Os secretários de Fazenda alertam que “há subterfúgio circulando pelo segmento financeiro que visa esquivar a sequência recorde de lucros. Para este, se deveria, para conter a inflação em algum dígito, fazer com esse projeto o mesmo que o congelamento fez, reduzir os recursos estaduais. Esse artifício de elemento de custo, entretanto, só tem servido para a estatal amplificar seus repasses de preços ao consumidor e dilatar sua distribuição de lucros e dividendos, como se tem largamente noticiado”.
O Comitê também alerta que a limitação da alíquota do ICMS sobre combustíveis, energia, telecomunicações e transportes coletivos “teria efeitos econômicos inócuos, já que a Lei de Responsabilidade Fiscal (Lei nº 101/2000, obriga em casos de redução de alíquota (§1º, art. 14) medidas de compensação (art. 14, II) para que os serviços públicos não sejam comprometidos”.
“O que remete justamente à elevação de alíquota (prevista no mesmo art. 14, II) que, nesse caso, dado à gravidade da restrição, obrigaria ao chefe de executivo estadual propor conjuntamente a elevação da modal em dois ou três pontos percentuais no mesmo envio de projeto que corte recursos de outras fontes. Isso para que o projeto não tramite eivado de ilegalidade e se torne ineficaz desde a propositura, e independente da existência da previsão da lei, a compensação e o compromisso com os serviços à população já obrigaria socialmente o governante a não ficar inerte ante um ataque externo de corte de recursos de serviços que atendem aos mais pobres.
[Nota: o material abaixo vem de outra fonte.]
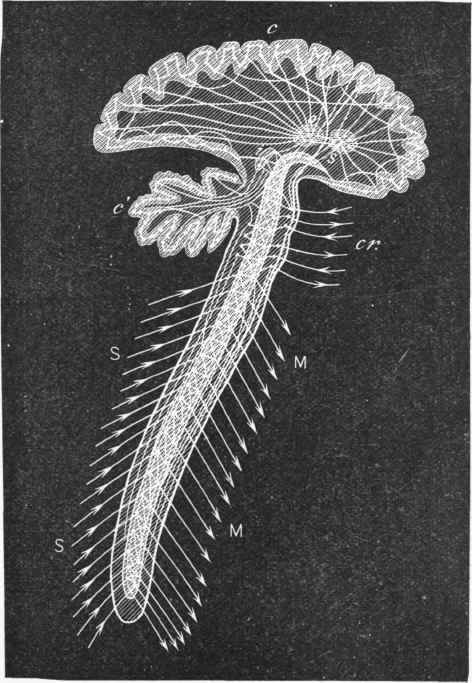 Diagram of some of the paths taken by nerve impulses in the brain and spinal cord.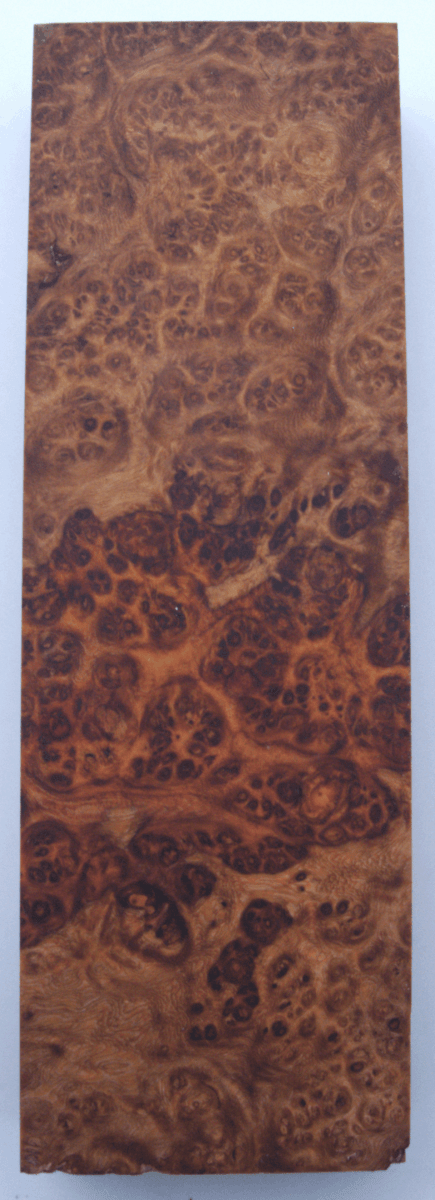 Stabilisierte Amboina 59 - Knifematerial.at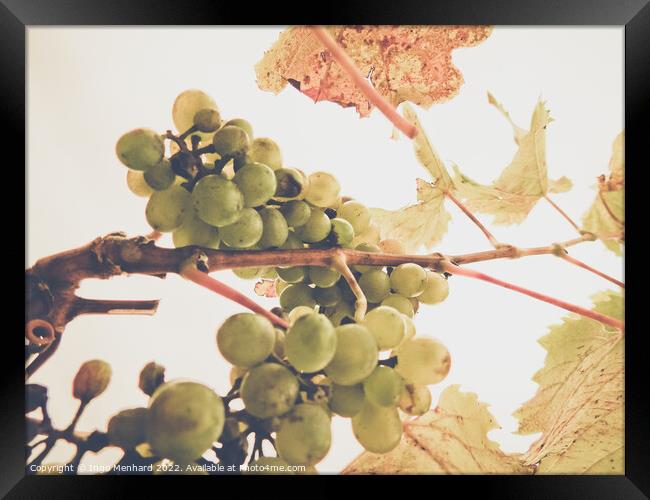 A low angle shot of a grape tree leaves and grapes on a sunny day Framed Print by Ingo Menhard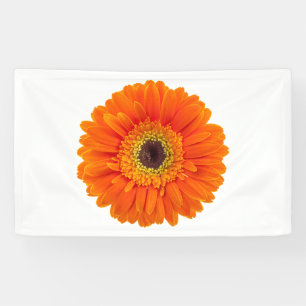 Orange Gerbera Daisy Banner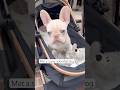 Adorable Frenchie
Ou seja, apenas desorganizaria um número maior de cadeias econômicas estaduais em consequência desse desacerto legislativo federal”, advertiu a entidade.
O Comsefaz também ressaltou que ter superávit de caixa no primeiro trimestre não significa que os Estados terão recursos o ano todo. Nesta segunda-feira (23), reportagem do Globo, com base em números do Instituto Fiscal Independente do Senado Federal, afirma que os Estados tiveram 320 bilhões em caixa no primeiro trimestre.
No texto, a reportagem reconhece que mais da metade do montante se refere a obrigações vinculadas, no entanto, para os secretários “a divulgação na véspera da votação do projeto deteriora ainda mais o debate público. Ao não explicitar o resultado circunstancial do caixa de pouco mais de cem milhões não vinculados de recursos acumulados em um quadro passado e efêmero onde houve congelamento de despesas, transferências federativas extraordinárias durante a crise e inflação, entre tantas eventualidades, o retrato ignora frontalmente a diferença entre estoque e fluxo. O realismo dos números de 2022, já aponta esgotamento na arrecadação do ICMS. Sendo este tributo um imposto pró-cíclico, seu desempenho é atrelado ao nível de atividade econômica e a renda da população, ou seja, o consumo é afetado pela inflação alta, juros em elevação, contingente elevado de trabalhadores fora do mercado de trabalho ou em subempregos, afetando diretamente o rendimento das famílias”, explicaram.
O Comsefaz também fez críticas ao ministro da Economia, Paulo Guedes, ao considerar “um sofisma raso” informação de que os Estados estariam passando por um momento de aumento estrutural da arrecadação. “O desempenho da arrecadação em 2021 apenas significou, em relação a 2020, um enlevo conjuntural, possibilitado pela retomada da atividade econômica após os longos períodos de lockdown e pelas políticas de transferência de renda, sem fôlego para consolidação do processo e, de fato, de superação da crise”, sustentou.